▶ **Problem statement**:
In the material below, find the line with "33261 SW Sequoia St, Scappoose, OR 97056"; set down that line and every line after it to the end, exactly, without pictures.

▶ **Recorded information**:
= Beginning of Section =
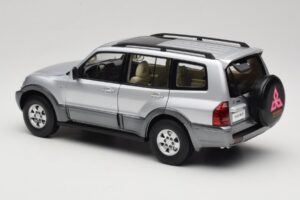 Mitsubishi Pajero V73 Blå YC Model 1:18 241218040102010209 Metall — bild 7 av 8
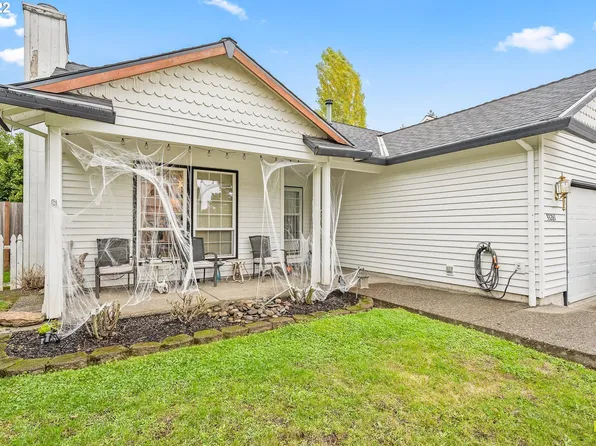 33261 SW Sequoia St, Scappoose, OR 97056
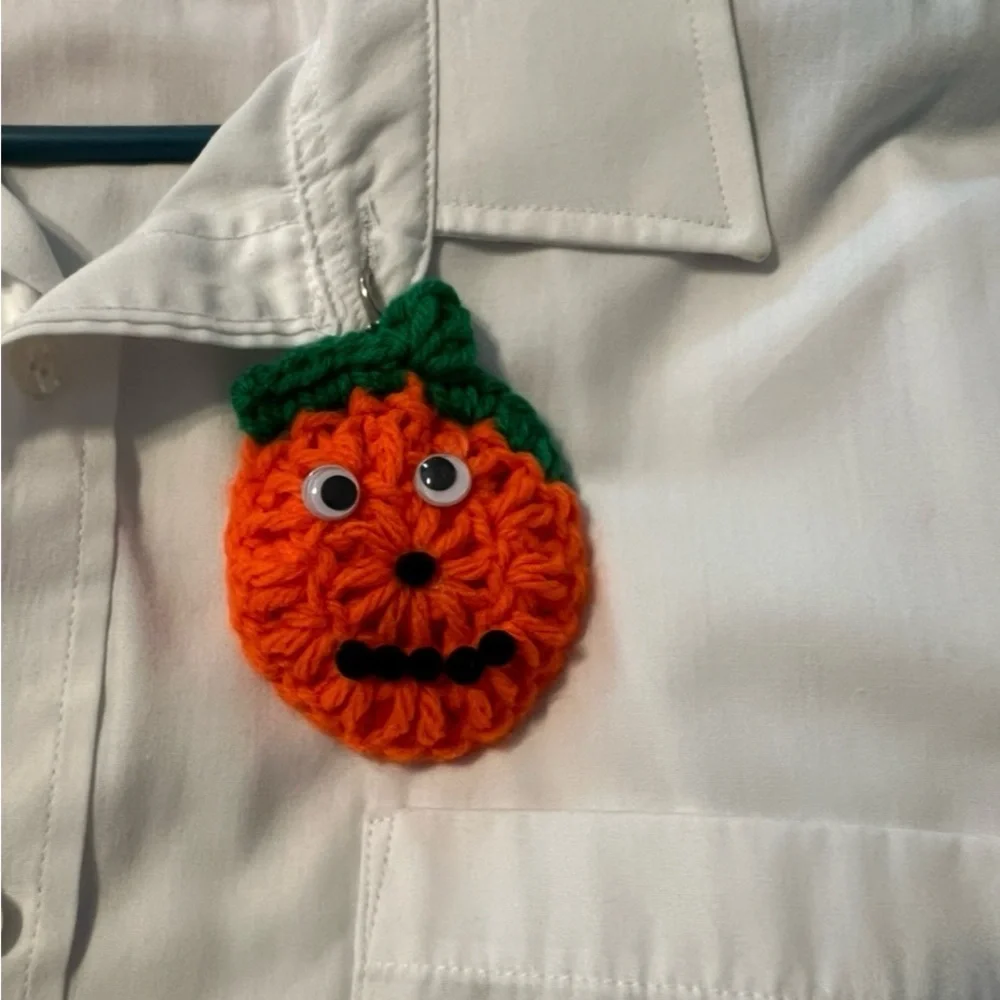 New Halloween Pumpkin Jack-O-Lantern Pin Claw Clasp Bookbag Keychain Charm 10 PC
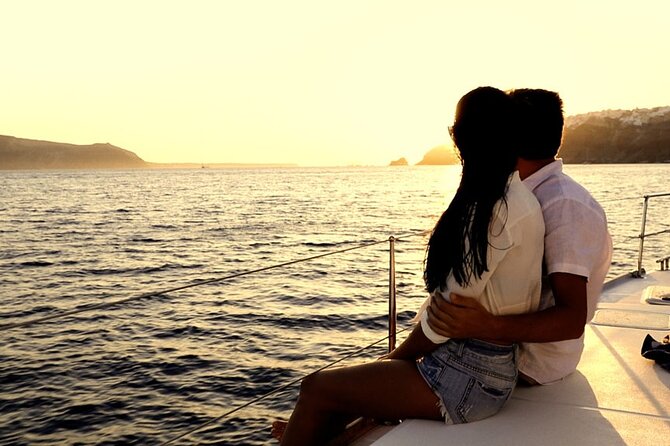 ALL-INCLUSIVE: Santorini Caldera Cruise with Greek Meal & Drinks - A full Greek dinner at Nea Kameni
= End of Section =
▶ **Reply**:
 33261 SW Sequoia St, Scappoose, OR 97056
 New Halloween Pumpkin Jack-O-Lantern Pin Claw Clasp Bookbag Keychain Charm 10 PC
 ALL-INCLUSIVE: Santorini Caldera Cruise with Greek Meal & Drinks - A full Greek dinner at Nea Kameni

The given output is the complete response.